Youngkin administration sets stricter runoff rules for solar farms
The Virginia Department of Environmental Quality late this March abruptly rolled out several major changes to how Virginia will manage stormwater runoff from solar farms, saying prior policies may have underestimated water quality impacts.
Previously, Virginia had considered only the foundations or bases of solar panels to be impervious surfaces, or those unable to absorb runoff. But under Gov. Glenn Youngkin’s administration, the solar panels themselves will begin to be classified as impervious surfaces, albeit unconnected ones.
The distinction could have significant effects on solar development in Virginia, which has set ambitious goals for achieving a carbon-free electric grid by midcentury, including the deployment of large quantities of solar power.
But while the solar industry worries that the sudden policy shift could dampen efforts to build out renewables, some local officials and environmental groups say it could help better account for how precipitation, which is increasing in both frequency and intensity due to climate change, interacts with solar farms.
Virginia, like other states, has wide-ranging stormwater rules for new development because of the impact runoff from sites can have on erosion and water quality. Stormwater concerns are particularly acute in the roughly 56 percent of the state that lies in the Chesapeake Bay watershed. There, the federal government has imposed targets Virginia must meet in reducing nutrient pollution, much of which comes from runoff.
In the March 29 memo announcing the policy change, Virginia DEQ Director Mike Rolband explained the move as an effort “to safeguard the protection of downstream waterways and properties as well as ensure consistency with [the U.S. Environmental Protection Agency’s] Chesapeake Bay Program.”
On Friday, DEQ spokesperson Greg Bilyeu said in an email that the previous administration of Gov. Ralph Northam had “ignored existing stormwater management regulations” and that “in their efforts to prioritize solar project development, they ignored concerns that have continued to be raised by local officials and key stakeholders.”

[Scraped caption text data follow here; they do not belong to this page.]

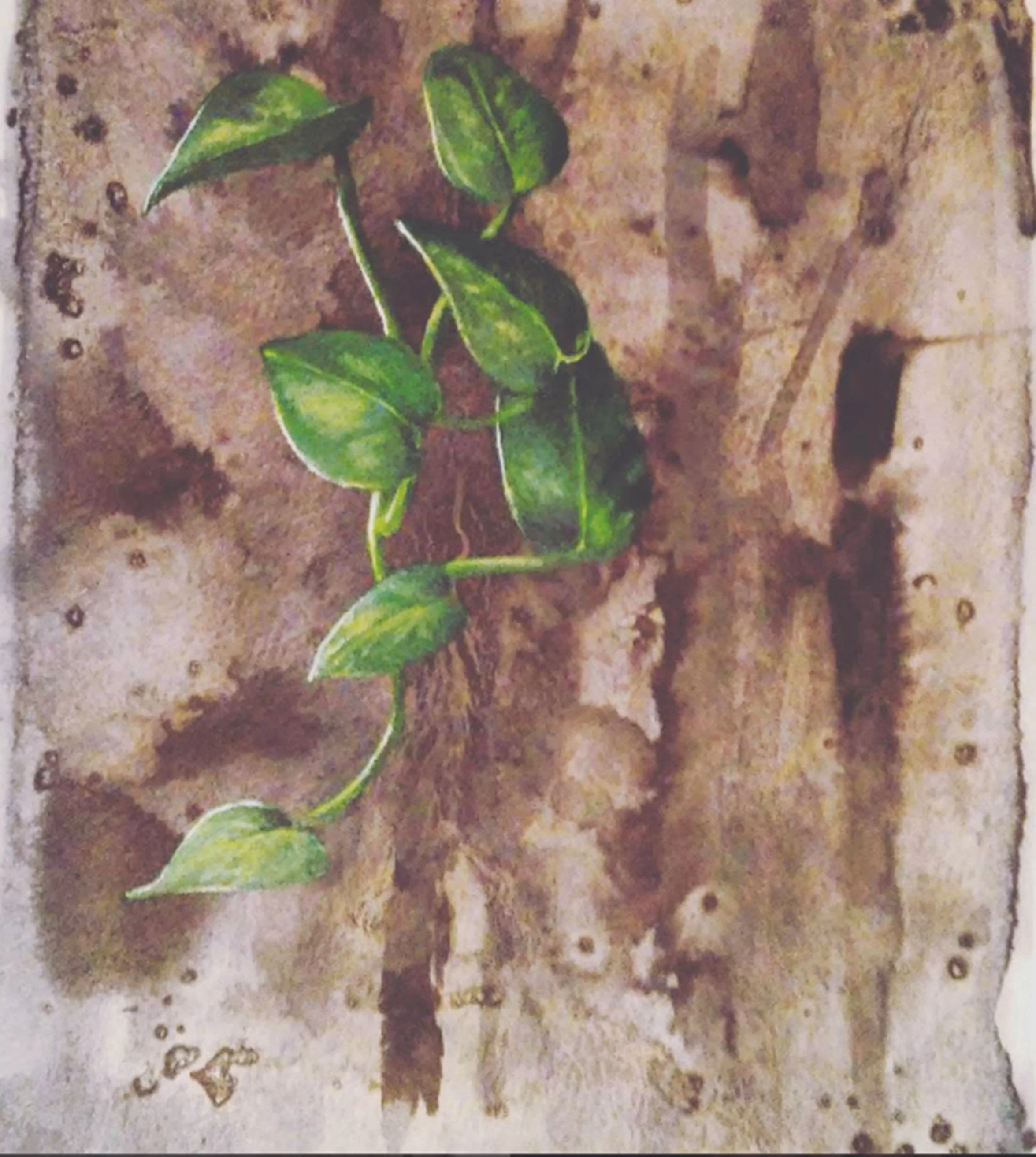 Leaves
Acrylic on paper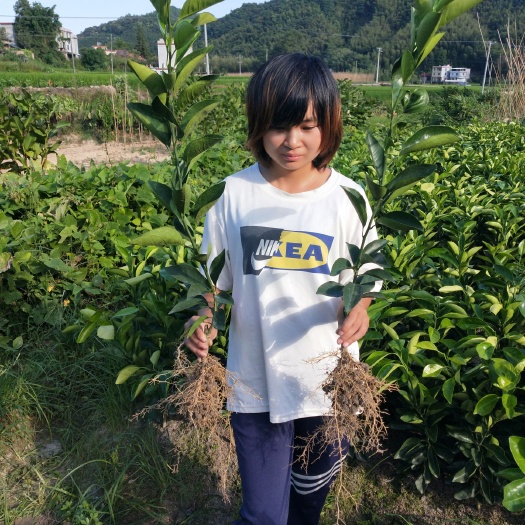 安远县纽荷尔脐橙苗 赣南脐橙纽荷尔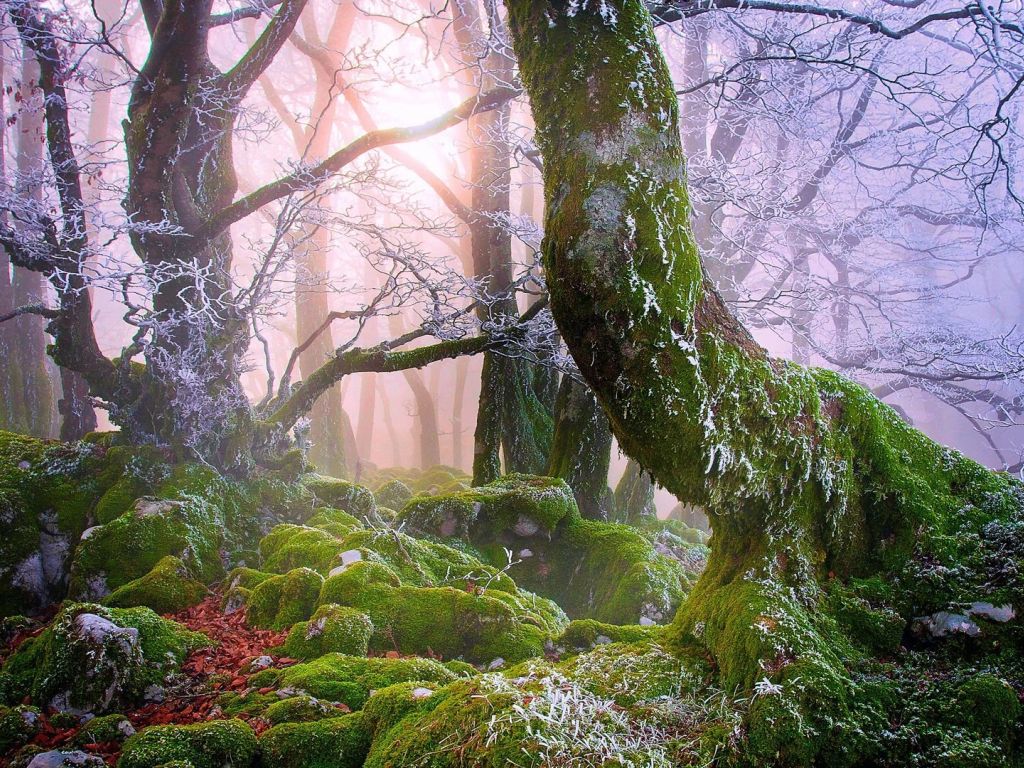 Moss Covered Forest wallpaper
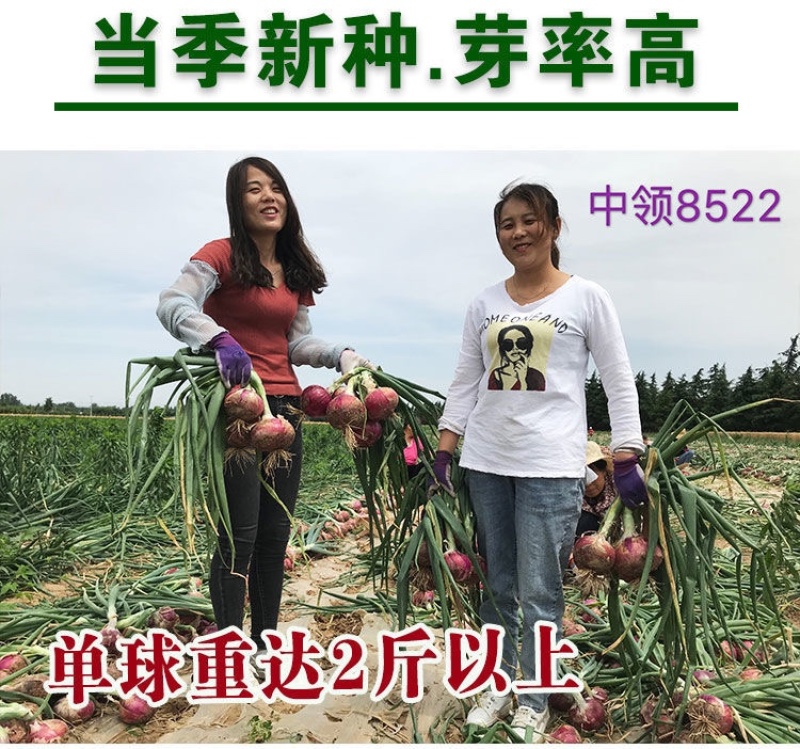紫皮中领8522洋葱种子圆形100克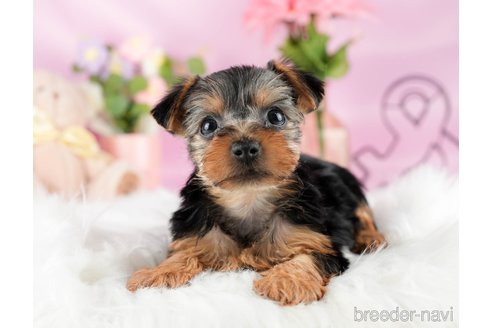 成約済の茨城県のヨークシャーテリア-327237の5枚目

DEQ did not provide specific numbers of stormwater violations linked to solar projects that have occurred, but several high-profile cases have made headlines over the past few years as solar development has accelerated. The most notorious concern was sediment pollution from the Essex Solar project in Essex County, which led to a settlement with former Attorney General Mark Herring’s office and a $245,000 fine. More recently, problems with stormwater runoff from the Belcher Solar facility in Louisa County led owner Dominion Energy to apologize to the local board of supervisors.